In recent years, the precedent set by the Demjanjuk case has reached even further. In July, Oskar Groening, a 94-year-old former Nazi known as the “bookkeeper of Auschwitz” because he was in charge of handling money taken from prisoners, was convicted in a Northern German court. That verdict, according to Zuroff, was important because, as a bookkeeper, he was even more removed from the killing than a guard like Demjanjuk would have been.
Demjanjuk and Groening’s cases “opened the door for more cases,” said Jens Rommel, the chief public prosecutor at The Central Office of the Judicial Authorities for the Investigation of National-Socialist Crimes. Based in Ludwigsburg, Germany, it is the national body in charge of prosecuting these cases. “You don’t have to prove a determined act that directly leads to a killing,” he said. “The mere presence, the mere support of the whole system of a [death] camp is punishable.”
As a result, there are already four separate trials set to take place in 2016 in Germany. The first one, on Feb. 11 in Detmold, involves a former SS sergeant called “Reinhold H,” whose last name has been withheld by authorities. Rommel estimates that there are a “half-dozen” other cases in the investigation phase, though it is hard to offer an exact number because regional authorities are responsible for their own prosecutions. In addition, at the central office in Ludwigsburg, Rommel said there are seven more cases in “pre-investigation phase,” which means prosecutors are studying whether investigations can be formally opened.
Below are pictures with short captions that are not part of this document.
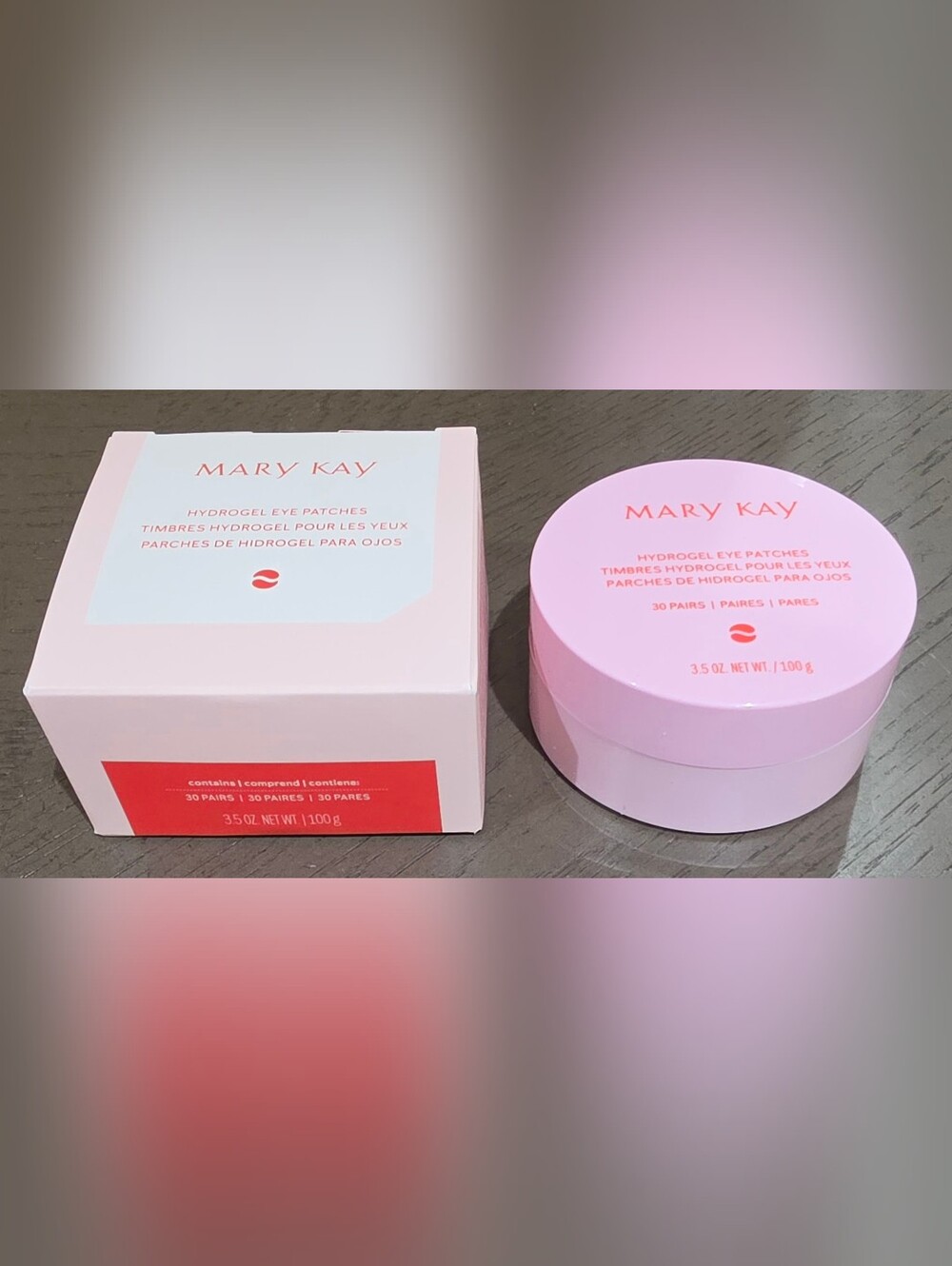 Mary Kay Pink Hydrating Eye Patches Jar and Box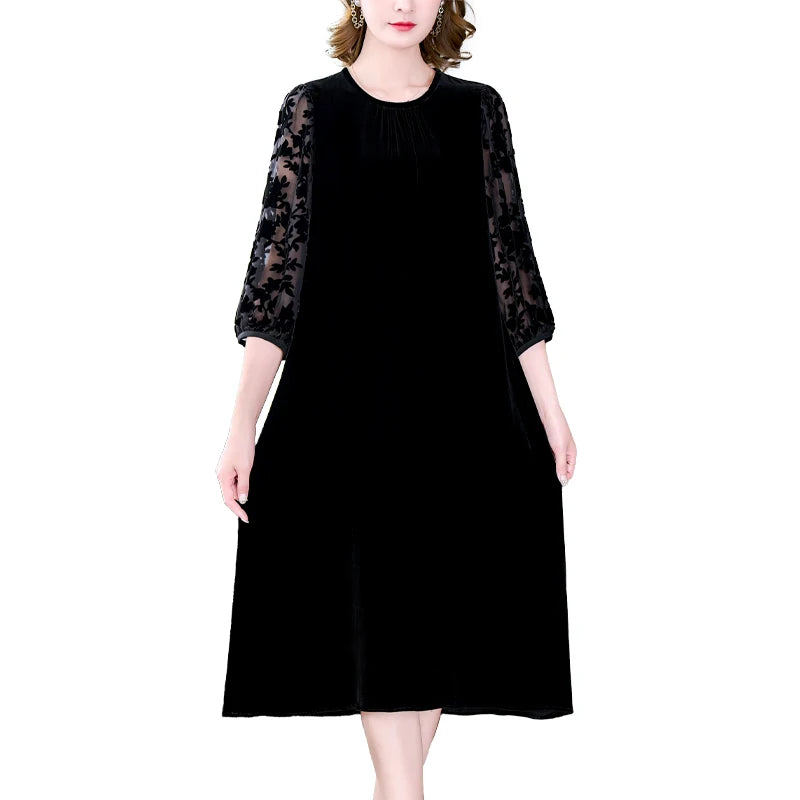 2024 New Fashion Women's velvet Silk Hollow Burnt Flower Dress Female Casual Style Summer O-Neck Dresses party Vestidos - My Store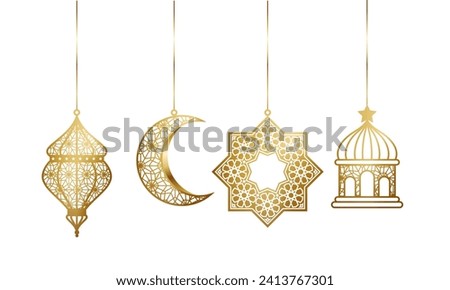 Set of hanging Islamic golden decoration. Realistic clipart vector Royalty-Free Stock Photo #2413767301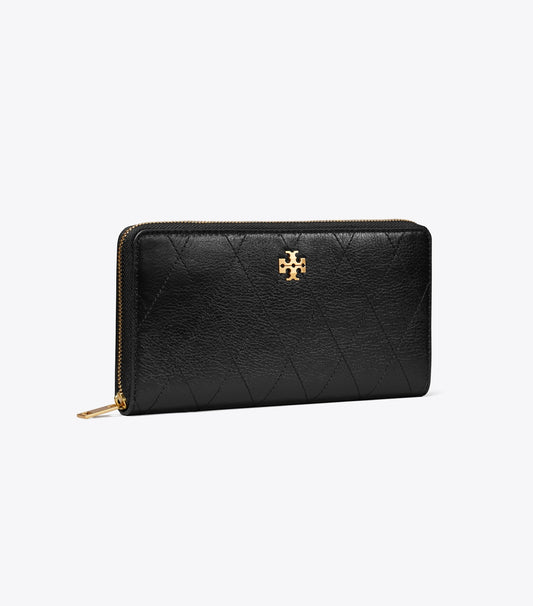 Tory Burch Charlie Quilted Zip Continental Wallet - Black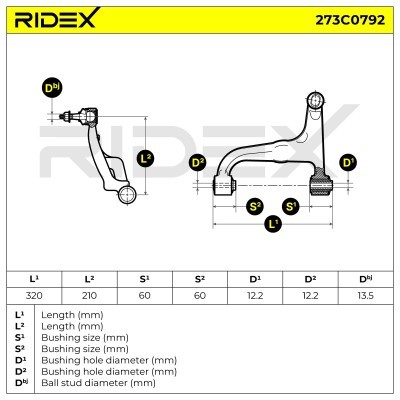 Querlenker RIDEX 273C0792 273C0792 - foto 5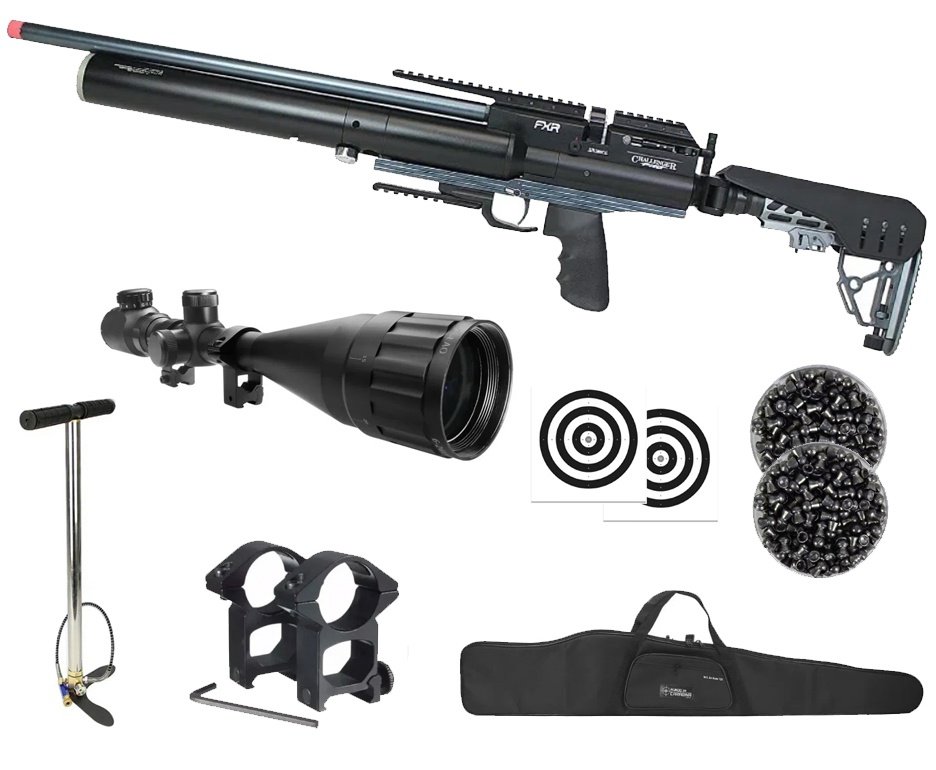 Carabina de Pressão PCP AEA Challenger Pro 6.35mm - FXR Arms + Bomba + Capa + Luneta 6-24x50 + Chumbos + Alvos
Even though the new standard has made it easier to prosecute, challenges remain. Old lists of concentration-camp guards aren’t enough to bring charges, Rommel said—because prosecutors have to prove that the person whose name is on the list is the same person living today, prove he was there for more than a day, and prove he understood what was going on there. Prosecutors also have to determine that the defendants are fit to stand trial, which can be difficult with such elderly defendants. (In the case of Reinold H, for example, the trial has been pre-limited to two hours per day because that’s all he can handle.) Strict German privacy laws also make it hard for advocates or historians to launch private investigations. In an ironic twist, those laws were put in place after the Holocaust because of the way private information was used by Nazis to identify Jews.
It’s hard to say when the race to find and prosecute Nazi war criminals will stop, but it will likely be soon. Rommel has been told by the Minister of Justice in the state of Baden-Württemberg, where the Ludwigsburg Central Office is located, that the work will continue for a decade. “That was last year’s opinion,” Rommel says. “So we have nine years left, and I think that will be the end. This is because you have to count from 1945, when these men were about 20 years old. And in 10 years they will be close to a 100 years old already.”
But those who want to keep the work going have reason to do so. For Holocaust survivors and the children of survivors, some of whom will be traveling to Germany from all over the world to attend the trials, seeing members of the Nazi SS brought to justice in court is very important as a way to find closure, said Christoph Heubner, executive vice president of the International Auschwitz Committee. “It is one of the really dark chapters of postwar German history that this happened so late,” he said. “It’s really kind of late justice.”